Brive: After a single season out of the top flight, Brive have won promotion back into the Top 14 - alongside Pro D2 league champions Oyonnax - after beating Pau 30-10 in their play-off last weekend.
Matt Giteau, Bakkies Botha and Danie Rossouw The Toulon trio joined the elite group of players to have won both Heineken Cup and Super Rugby titles, joining Rod Kafer, Doug Howlett and Brad Thorn.
Graham Henry's rant: We're normally first in line when it comes to jumping to the defence of match officials because publicly slamming referees is seldom a productive exercise and it isn't really in line with the ethos of the game. But when Sir Graham, who is normally pretty good at biting his tongue, starts venting steam like this, it's probably worth taking note. And to be fair, he makes a few solid points. The question now is, will he get away with it? Coaches and players have been disciplined for far less in the past.
Bbbrrr....someone turn the heater up!
Aussie scrum-halves: Robbie Deans obviously doesn't think much of the current crop of number nines Down Under after picking just one in his preliminary squad to face the Lions. Sure, Will Genia is probably the best player in the world in his position but he is, after all, just a human being, a species known to be susceptible to injuries when involved in high speed collisions with other human beings.
Clermont: Clermont finished the Heineken Cup with the best stats in almost every department. They scored two excellent tries in the final, in a wonderful display of attacking rugby after enjoying 68 percent possession and 75 percent territory. They also made 166 carries compared to Toulon's 66 and beat 24 defenders to Toulon's 9....but they lost. Losing finals, a Clermont specialty, is not hot. The difference between the sides in end? Tournament top points-scorer Morgan Parra's missed conversion.
Delon Armitage: In his own words, that wave at Brock James was "stupid" and left an unpleasant taste in the mouth after an otherwise great game of rugby.

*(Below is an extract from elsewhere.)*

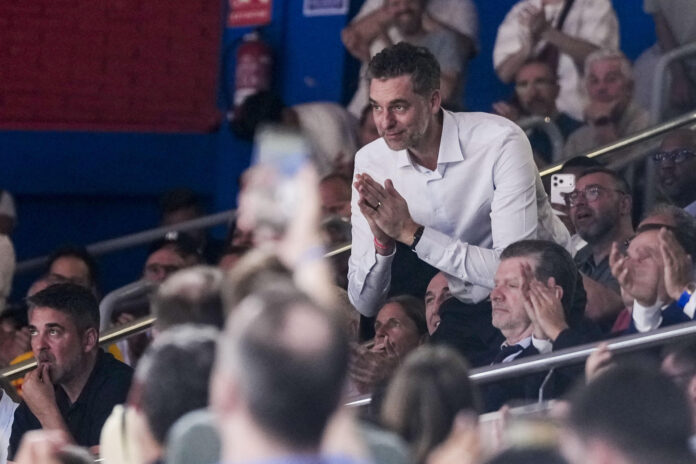Fotografía del pasado 9 de junio, en la que puede verse al exjugador de baloncesto Pau Gasol, durante un partido en Barcelona. EFE/ Enric Fontcuberta
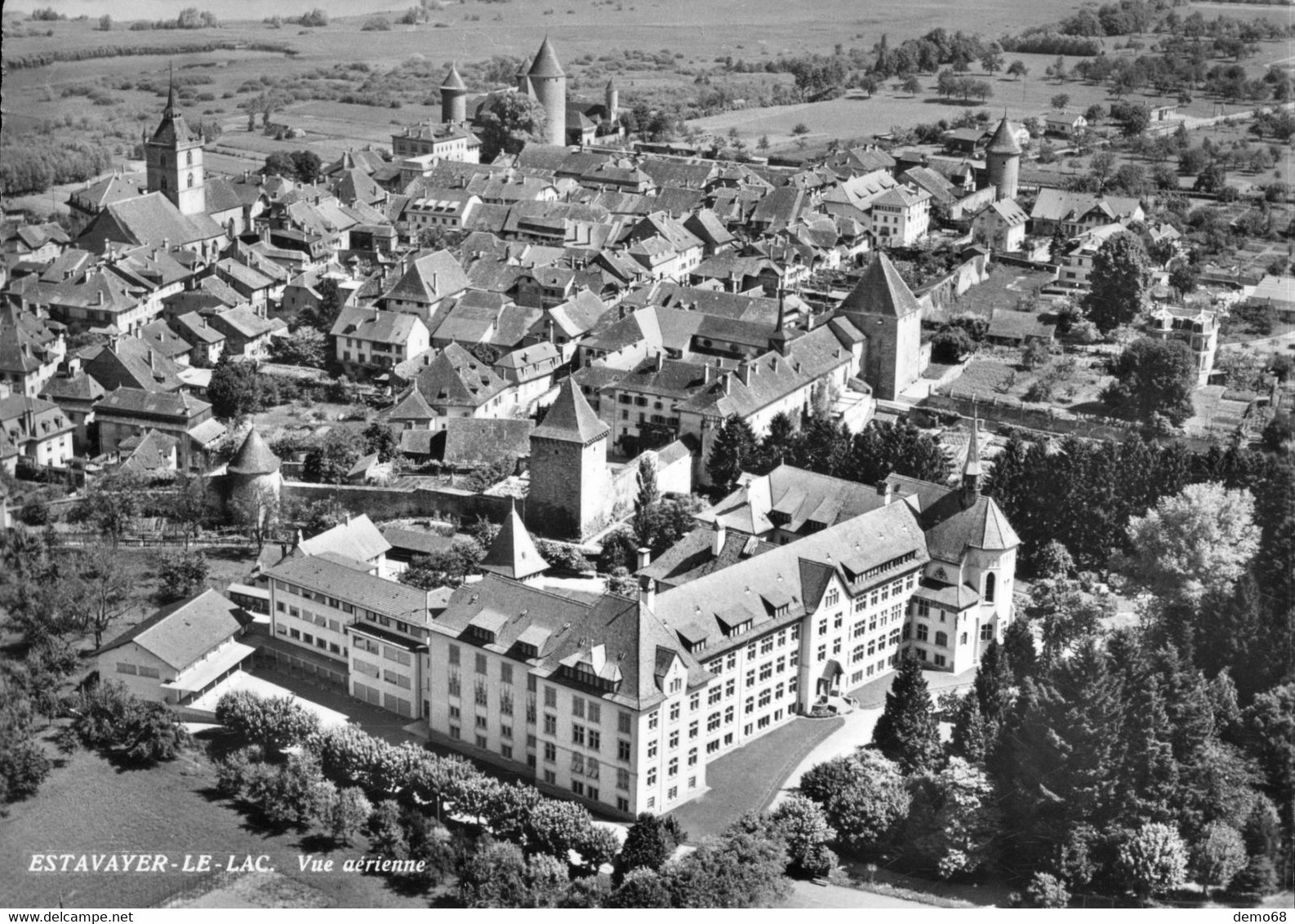 Estavayer Le Lac Vue Aérienne Suisse Canton De FR Fribourg Institut Du Sacré Coeur Photo A Dériaz - Fribourg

Super Rugby TMOs: You would think that with a decent screen, proper footage, a variety of camera angles, and a law book nearby Television Match Officials would be able to make the right call almost all of the time. Evidently not... After another weekend of inexplicable decisions from the guys upstairs, we're going to join Super Rugby coaches like Michael Cheika, Dave Rennie, Graham Henry et al in venting our frustration. Unlike heat-of-the moment calls on the field, there should be no margin for error from experienced officials with multiple opportunities to view the evidence. Get it right!